Introducting clj-pgcopy

On a recent project, I was working on an ETL process, where the transform step happened in Clojure. After all of the data had been shaped the way we wanted, we imported the data into a Postgresql database. As with our typical pattern, we used the clojure.java.jdbc/insert-multi! function to insert rows in batches. But the performance for the database insertion wasn’t quite what we were hoping for.

Although the overhead from org.clojure.jdbc is negligible in most scenarios, and certainly in virtually all CRUD-like workflows, it can become significant with batch insertions at scale: all of the work of converting data types to String-y parameters adds up.

Having previously used the COPY syntax for importing textual data like CSVs, I found that Postgresql’s COPY also has a binary variant that allows direct insertion into tables. Because the binary on-the-wire representation of Postgresql’s data types is virtually the same as the storage representation, there is significantly less overhead for importing using COPY ... FROM STDIN WITH BINARY.

So, there are immediately two benefits to using the binary COPY approach:

The binary on-the-wire representation weighs less than its textual, INSERT-based counterpart.
The Postgres server has less work to do to extract data from a binary COPY than it does with INSERT statement because the binary representation so closely mirrors the internal storage representation.

There may be other benefits I’m unaware of, but those two things alone made me curious if there was a way to get the COPY goodness with idiomatic Clojure.

Both main postgresql jdbc drivers, https://jdbc.postgresql.org/ and https://impossibl.github.io/pgjdbc-ng/, support putting a connection into COPY mode, after which data can be streamed into or out of postgresql. However, both drivers don’t do anything to help you get the data into the raw format that postgresql expects. For the text (default) format, that’s basically a tab-delimited or CSV payload.
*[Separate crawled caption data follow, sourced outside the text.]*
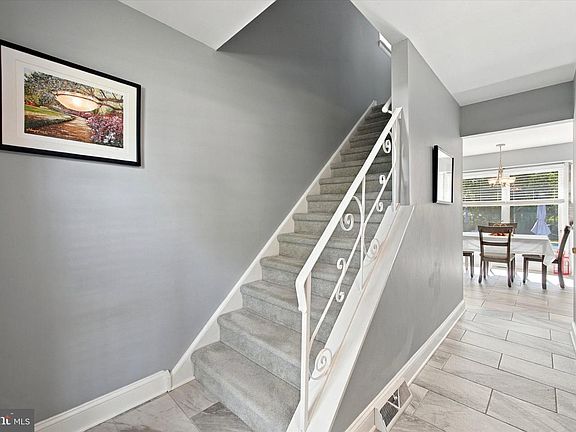 5th image of 2081 Stewart Dr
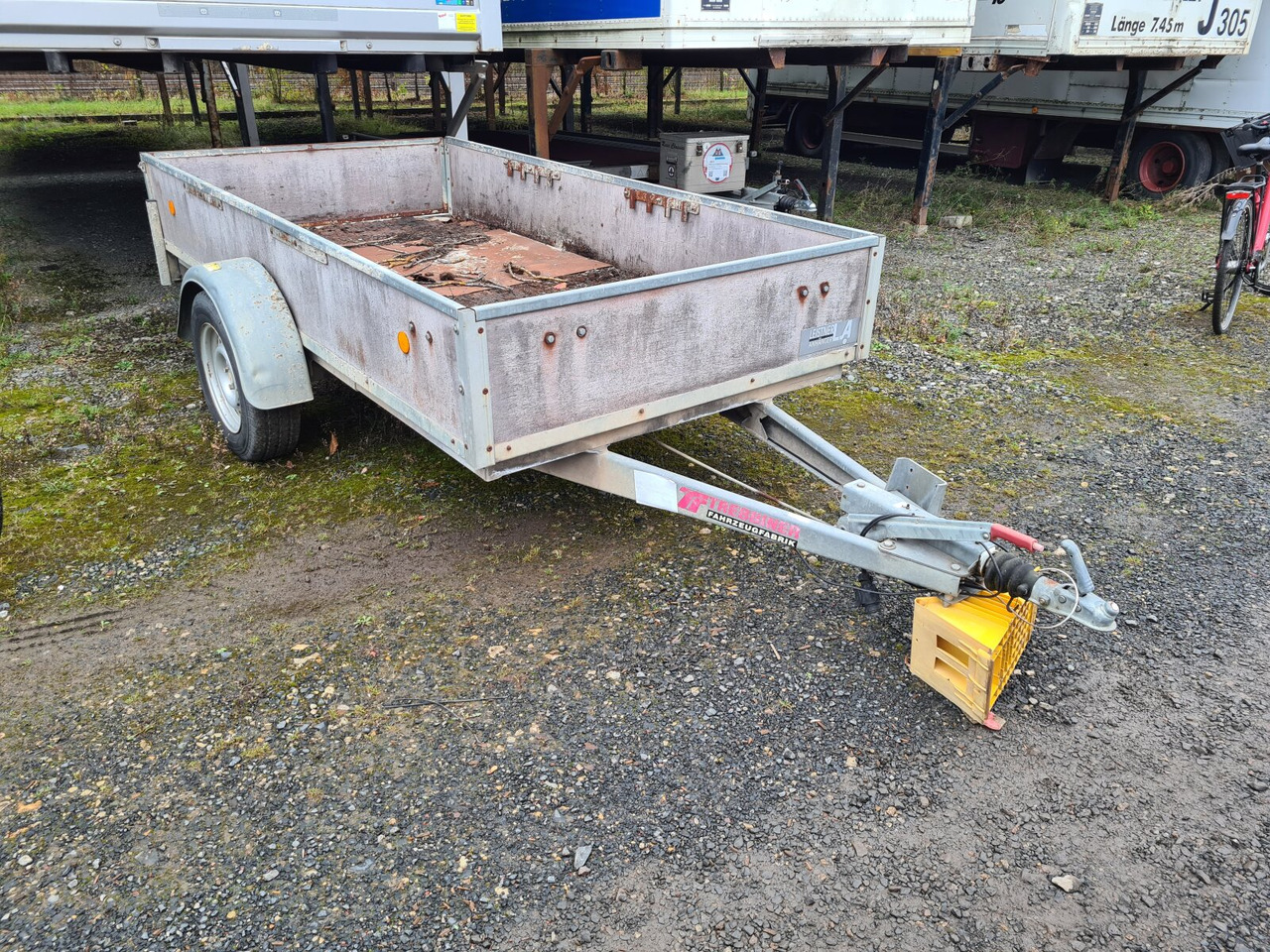 Trebbiner Anh Pritsche TREBBINER FAHRZEUGWERK, 1.500 kg - Reboque para carros: foto 1 Trebbiner Anh Pritsche TREBBINER FAHRZEUGWERK, 1.500 kg - Reboque para carros: foto 1
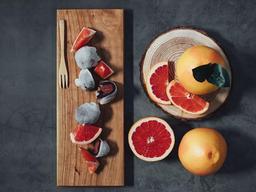 쫄깃함 속에 꽉 채워진 비타민…‘자몽 <strong>찹쌀떡</strong>’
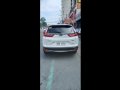 Selling White Honda CR-V 2018 in Quezon -2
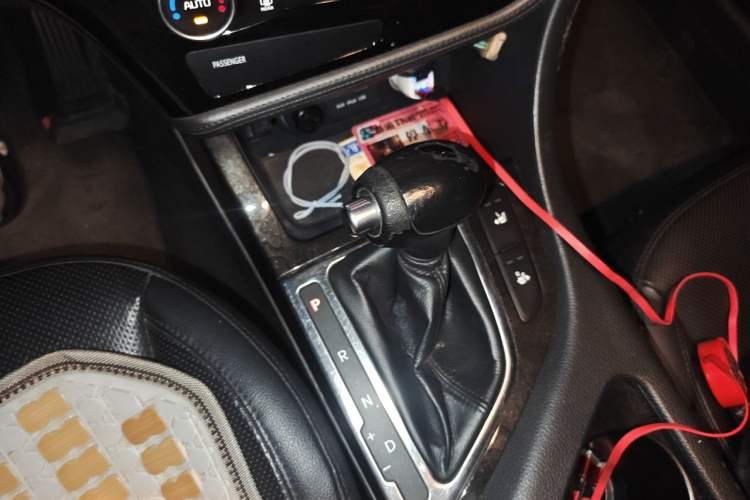 Used Kia K5 2014 2.0L Automatic LUXURY Gear Lever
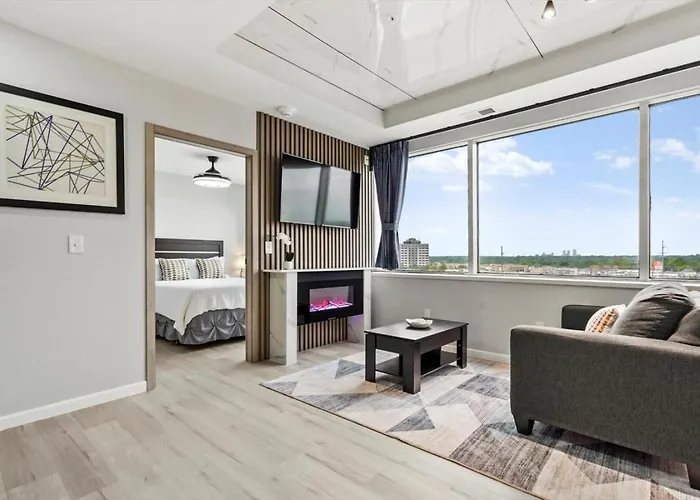 Modern Two Bedroom With Views Aparthotel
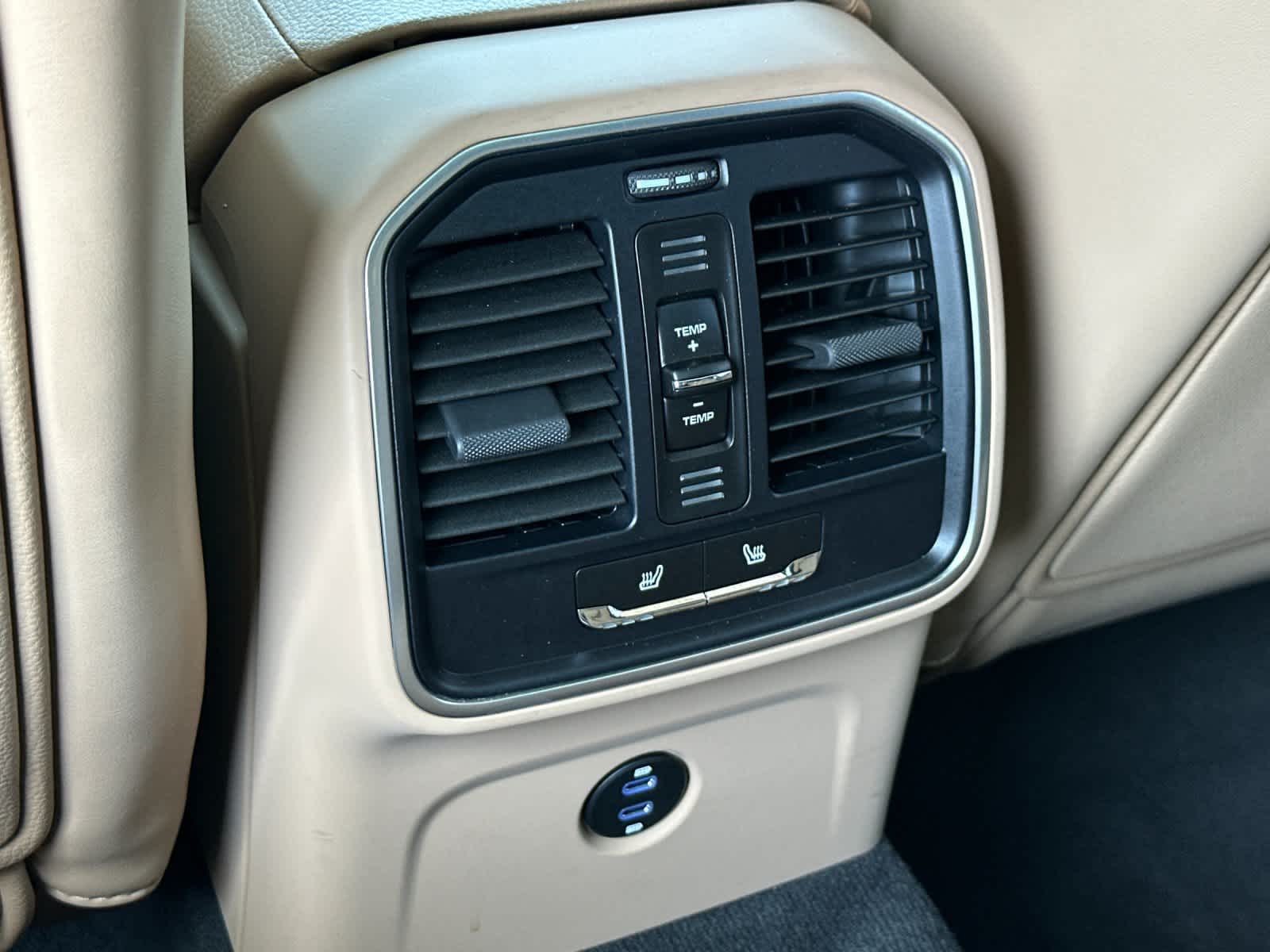 Thumbnail: 2025 Porsche Macan - 14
The binary COPY format, however, is a different beast entirely. Each postgresql data type has a very specific binary representation. Again, while the postgresql jdbc drivers provide a way to stream in or stream out COPY data, the data within those streams is left entirely up to you. The best library I found to do this kind of serialization was PgBulkInsert, which works with JDBC, but has a very Java-centric API.

That’s where clj-pgcopy comes in. It maps common data types to their binary represenation, with the hope that using the binary COPY style of importing data is as easy to use as clojure.java.jdbc methods. The primary API of clj-pgcopy is clj-pgcopy.core/copy-into!, which aims to be drop-in compatible with most places where clojure.java.jdbc/insert-multi! is being used.

Example usage Link to heading

For example, let’s say that we have a table of product listings, looking like this:

create table inventory (
  guid uuid primary key,
  created_at timestamptz not null,
  active boolean not null default false,
  price decimal(8,2),
  average_rating float4
);

And some data we’d like to import that looks like this:

(def data
  [{:guid #uuid "d44c2977-0a9f-4d12-88d2-7d85e07ce1e2",
    :created_at #inst "2019-12-01T23:37:33.701-00:00",
    :active true,
    :price 998.49M,
    :average_rating 3.3}
   {:guid #uuid "220603d4-c1b9-4ea4-b5f4-c61a38e9f515",
    :created_at #inst "2019-12-01T16:22:35.826-00:00",
    :active false,
    :price 847.90M,
    :average_rating 2.1}])

A typical way to import data with clojure.java.jdbc/insert-multi! would look like this:

(let [cols [:guid :created_at :active :price :average_rating]
      ->tuple (apply juxt cols)]
  (jdbc/with-db-connection [conn conn-spec]
    (jdbc/insert-multi! conn :inventory cols (map ->tuple data))))

To use clj-pgcopy, the only thing that needs to change is adding a require, and changing the callsite:

(require '[clj-pgcopy.core :as copy])

(let [cols [:guid :created_at :active :price :average_rating]
      ->tuple (apply juxt cols)]
  (jdbc/with-db-connection [conn conn-spec]
    (copy/copy-into! (:connection conn) :inventory cols (map ->tuple data))))

Please note that copy-into! expects a “raw” JDBC connection, not a Clojure map wrapping one, like clojure.java.jdbc uses.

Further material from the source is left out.